Batı Neresidir 4

Bugünlerde Türk Batı ilişkileri, Balkan Savaşı öncesi zamanlarda olduğu gibi, yine ivme kazanmıştır. Batı Türkler üzerindeki tarihi emellerini gerçekleştirmeye çalışmaktadır. Ortadoığu’da amacı ne olduğu bilinmeyen bir büyük savaşın içinde iken Batı ile ilişkilerimize dikkat etmemiz gerekiyor.

Balkan Savaşları öncesinde Osmanlı yöneticileri büyük hatalar yapmışlardı. Hem siyasî, hem de korkunç istihbarat hataları yapmışlardı.

Bugünkü devlet adamlarımıza, o zamanın yöneticilerinin yaptığı hatalar örnek olmalıdır. Geçmişte yapılan hatalardan ders çıkarılmalıdır.
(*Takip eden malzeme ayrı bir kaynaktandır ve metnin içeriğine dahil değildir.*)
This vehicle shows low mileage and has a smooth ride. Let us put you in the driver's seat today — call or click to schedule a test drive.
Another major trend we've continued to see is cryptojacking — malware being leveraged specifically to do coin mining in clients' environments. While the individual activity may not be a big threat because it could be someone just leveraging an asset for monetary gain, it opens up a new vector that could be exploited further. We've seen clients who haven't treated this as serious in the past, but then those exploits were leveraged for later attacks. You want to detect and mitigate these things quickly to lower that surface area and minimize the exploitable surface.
Görüyorum ki bu ders hiçbir şekilde çıkarılmamaktadır. Savaş, “strateji” demektir. “İttifak” demektir. İttifak ilmini, siyasetini tam anlamıyla uygulamak gerekmektedir. Halen ülkemizin hiçbir ciddi ittifakı yoktur. Ve devletimiz yine tecrit edilmiş (yalnız bırakılmış) bir şekilde büyük bir harbe girmeye çalışmaktadır. Bu son derece hatalıdır.
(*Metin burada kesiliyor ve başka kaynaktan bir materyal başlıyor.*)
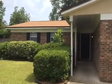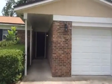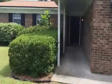Hey, John here with JWB, and I am at 8204 Cassie Road on the west side of Jacksonville for a final walkthrough. This is a newly finished property turn. This home is four bedrooms and two baths, and it has a fenced-in backyard as well as a one-car garage.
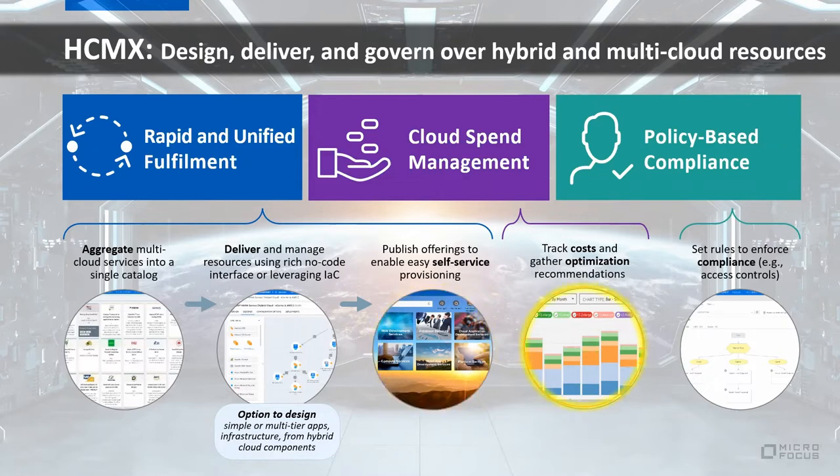Under cloud spend management, cloud cost allocations need to be visible from a granular perspective. We want detailed reports, to avoid surprise bills, and to identify the biggest spenders in real time. With HCMX we track costs with reports that include filtering and tagging capabilities, a module for managing budgets, and optimization recommendations to lower cloud spend based on analytics.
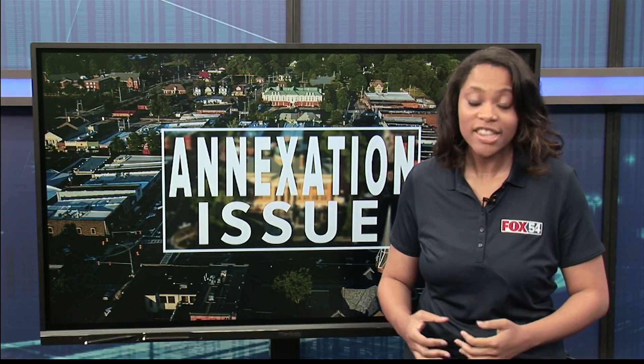Annexation can be a tricky topic of conversation with surrounding areas growing so quickly. Today, I'm breaking down the process.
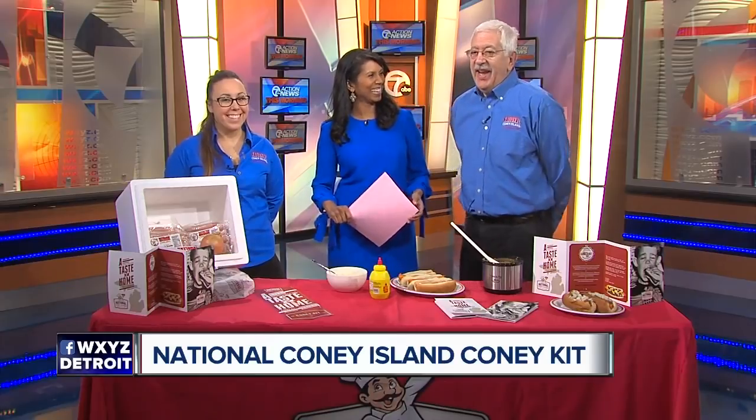Well, we've been around for over 50 years, so we know Coney's. And we've had customers over the years moving out of state and needing that Coney fix. They would say, why don't you open one up in California or in Florida? Well, we had the idea of — we'll just send the Coney's to them.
Fatih’in ve Kanuni’nin Batı’ya karşı takip ettikleri ittifak ve parçalama politikaları unutulmamalıdır. Bu gün de benzer politikalar geliştirmek gerekmektedir.
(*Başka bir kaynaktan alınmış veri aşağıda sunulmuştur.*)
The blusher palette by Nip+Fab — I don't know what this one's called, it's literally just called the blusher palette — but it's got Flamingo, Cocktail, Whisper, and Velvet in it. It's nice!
Biliyorsunuz ki Fatih, İstanbul’u fethettikten sonra Batıyı büsbütün bölmeye çalıştı. Roma İmparatoru sıfatı ile yeni Ortodoks Cihan Patriği’ni seçtirdi. Latin kilisesine düşman olan Bizans ileri gelenlerine iltifatlar etti. Katolik ve Ortodoks aleminin birleşmesini engelledi.

Kanunî de aynı şekilde düşmanı bölmüş, parçalamıştır. Şarlken Avrupa’sını ikiye bölmüştür. Katolik ve Ortodoks alemin birleşmesini engellemiştir. Protestanlara hayat hakkı tanınmasını istemiştir. Mohaç Savaşı’nın yegane hedefi düşmanı bölmekti. Nitekim Avrupa’da büyük bölünme olmuş, Macaristan Kanuni’nin kontrolüne girmiştir. Macar yöneticilerini Kanunî atamaktaydı.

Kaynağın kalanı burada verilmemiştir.